Supplied data:
-=-=-

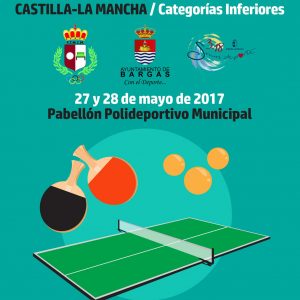 Campeonato Regional de Tenis de Mesa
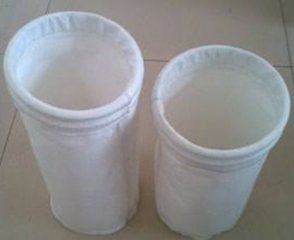 北京生物科技有限公司用滌綸針刺氈除塵器布袋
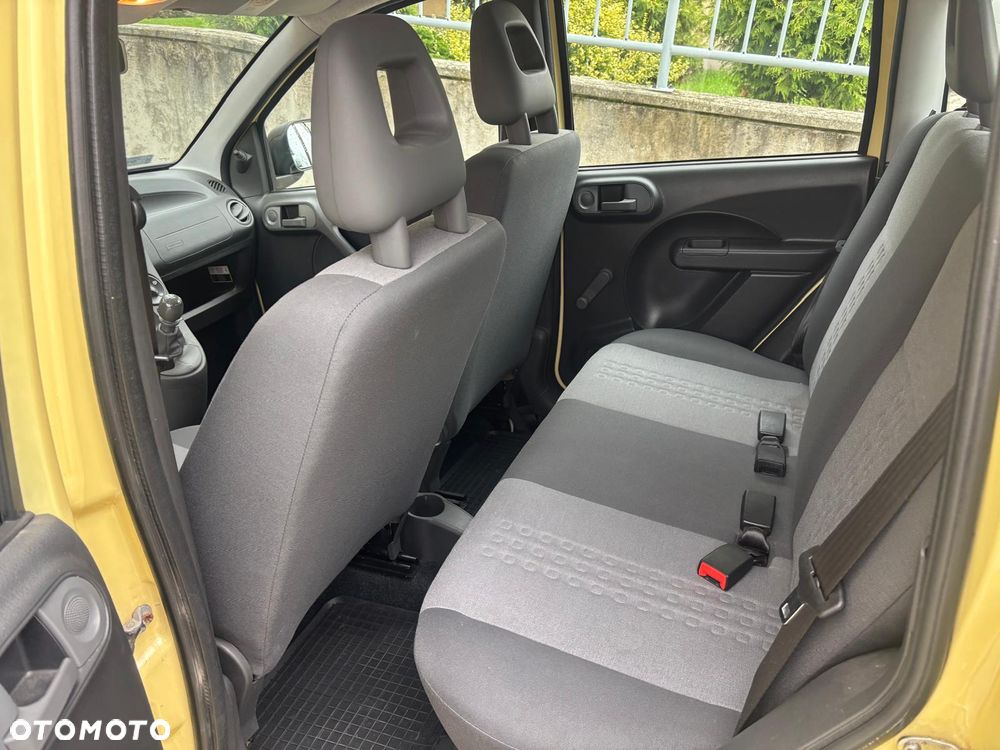Fiat Panda 1.2 Mylife Eco - 10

-=-=-

Task: A verbatim copy of the material is needed; pictures are not to appear in it.

Solution:
 Campeonato Regional de Tenis de Mesa
 北京生物科技有限公司用滌綸針刺氈除塵器布袋
Fiat Panda 1.2 Mylife Eco - 10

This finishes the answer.